A dimension table consists of a primary key column that uniquely identifies each record (row) of dimension. A dimension is a framework that consists of one or more hierarchies that classify data. Usually dimensions are de-normalized tables and may have redundant data.
Let us take a quick recap of the concepts of normalization and de-normalization, as they will be used in this module.
Normalization is a process of breaking up a larger table into smaller tables free of any possible insertion, updation or deletion anomalies.
Normalized tables have
reduced redundancy of data. In order to get full information, these tables are usually joined.
In de-normalization, smaller tables are merged to form larger tables to reduce joining operations.
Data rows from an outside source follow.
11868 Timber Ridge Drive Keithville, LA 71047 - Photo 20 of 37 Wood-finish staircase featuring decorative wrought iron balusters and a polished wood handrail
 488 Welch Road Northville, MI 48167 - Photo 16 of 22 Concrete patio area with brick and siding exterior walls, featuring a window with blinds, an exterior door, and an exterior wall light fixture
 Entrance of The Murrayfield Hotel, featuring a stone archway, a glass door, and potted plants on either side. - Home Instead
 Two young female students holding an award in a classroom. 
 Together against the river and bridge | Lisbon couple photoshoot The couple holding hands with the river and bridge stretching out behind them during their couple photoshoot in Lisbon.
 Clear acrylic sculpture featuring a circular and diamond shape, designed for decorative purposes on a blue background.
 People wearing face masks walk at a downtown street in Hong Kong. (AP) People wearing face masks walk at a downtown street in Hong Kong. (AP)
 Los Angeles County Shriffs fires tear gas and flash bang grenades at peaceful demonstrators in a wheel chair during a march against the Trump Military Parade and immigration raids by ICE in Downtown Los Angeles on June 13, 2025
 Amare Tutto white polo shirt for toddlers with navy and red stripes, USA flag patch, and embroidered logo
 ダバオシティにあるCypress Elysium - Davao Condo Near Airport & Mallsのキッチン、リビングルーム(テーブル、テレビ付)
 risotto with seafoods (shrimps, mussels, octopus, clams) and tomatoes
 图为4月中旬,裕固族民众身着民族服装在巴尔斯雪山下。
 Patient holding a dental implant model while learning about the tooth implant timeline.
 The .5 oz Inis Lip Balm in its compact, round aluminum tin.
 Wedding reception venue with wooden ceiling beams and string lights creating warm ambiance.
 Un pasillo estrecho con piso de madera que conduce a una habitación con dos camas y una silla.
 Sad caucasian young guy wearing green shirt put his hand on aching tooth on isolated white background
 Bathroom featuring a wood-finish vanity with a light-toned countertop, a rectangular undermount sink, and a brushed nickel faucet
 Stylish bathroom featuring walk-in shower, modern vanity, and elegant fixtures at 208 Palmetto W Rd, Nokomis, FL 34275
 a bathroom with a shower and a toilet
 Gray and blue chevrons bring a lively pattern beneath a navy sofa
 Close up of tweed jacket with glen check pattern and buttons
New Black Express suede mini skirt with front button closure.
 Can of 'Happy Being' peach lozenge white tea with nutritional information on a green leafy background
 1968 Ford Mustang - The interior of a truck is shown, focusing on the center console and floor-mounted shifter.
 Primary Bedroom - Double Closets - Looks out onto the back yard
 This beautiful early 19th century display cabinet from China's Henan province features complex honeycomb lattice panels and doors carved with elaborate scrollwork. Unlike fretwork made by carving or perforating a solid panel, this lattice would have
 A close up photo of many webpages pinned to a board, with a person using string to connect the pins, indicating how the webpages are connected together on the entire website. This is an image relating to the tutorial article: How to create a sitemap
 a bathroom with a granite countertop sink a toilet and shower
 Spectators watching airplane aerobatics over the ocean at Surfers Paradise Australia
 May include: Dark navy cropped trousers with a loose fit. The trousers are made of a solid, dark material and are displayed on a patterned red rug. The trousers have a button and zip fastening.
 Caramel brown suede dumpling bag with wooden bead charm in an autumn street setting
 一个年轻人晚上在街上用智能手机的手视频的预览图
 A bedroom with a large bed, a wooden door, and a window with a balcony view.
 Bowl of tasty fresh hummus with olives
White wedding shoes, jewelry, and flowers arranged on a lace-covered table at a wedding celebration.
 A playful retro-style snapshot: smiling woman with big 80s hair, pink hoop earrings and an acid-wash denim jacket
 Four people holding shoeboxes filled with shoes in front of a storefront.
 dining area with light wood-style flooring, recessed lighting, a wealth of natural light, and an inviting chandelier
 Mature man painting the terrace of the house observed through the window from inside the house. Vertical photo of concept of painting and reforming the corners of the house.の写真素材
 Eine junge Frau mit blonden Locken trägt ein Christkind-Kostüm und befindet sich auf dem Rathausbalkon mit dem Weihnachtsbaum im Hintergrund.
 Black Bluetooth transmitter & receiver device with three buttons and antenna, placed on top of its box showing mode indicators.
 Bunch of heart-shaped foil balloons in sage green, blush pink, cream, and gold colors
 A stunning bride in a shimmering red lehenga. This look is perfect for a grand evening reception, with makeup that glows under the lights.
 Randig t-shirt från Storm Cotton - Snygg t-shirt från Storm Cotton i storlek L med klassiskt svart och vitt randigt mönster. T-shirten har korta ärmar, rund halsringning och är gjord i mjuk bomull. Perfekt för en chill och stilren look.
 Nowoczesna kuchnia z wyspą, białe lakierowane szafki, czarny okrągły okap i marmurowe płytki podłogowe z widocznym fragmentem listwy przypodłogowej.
De-normalization is particularly performed in those cases where retrieval is a major requirement and insert, update, and delete operations are minimal,
as in case of historical data or data warehouse. These de-normalized tables will have redundancy of data.
For example, in case of EMP-DEPT (employee-department) database, there will be two normalized tables as EMP(eno, ename, job, sal, deptno) and DEPT(deptno, dname), while in case of de-normalization we will have a single table EMP_DEPT with attributes [eno, ename, job, sal, deptno, dname]. Let us consider Location and Item dimensions as shown in Figure 3.4 a).
Here, in Location dimension location_id is the primary key with street_name, city, state_id and country_code as its
attributes. Figure 3.4 (b) shows another dimension namely Item having item_code as primary key and item_name, item_type, brand_name, and supplier_id as other attributes.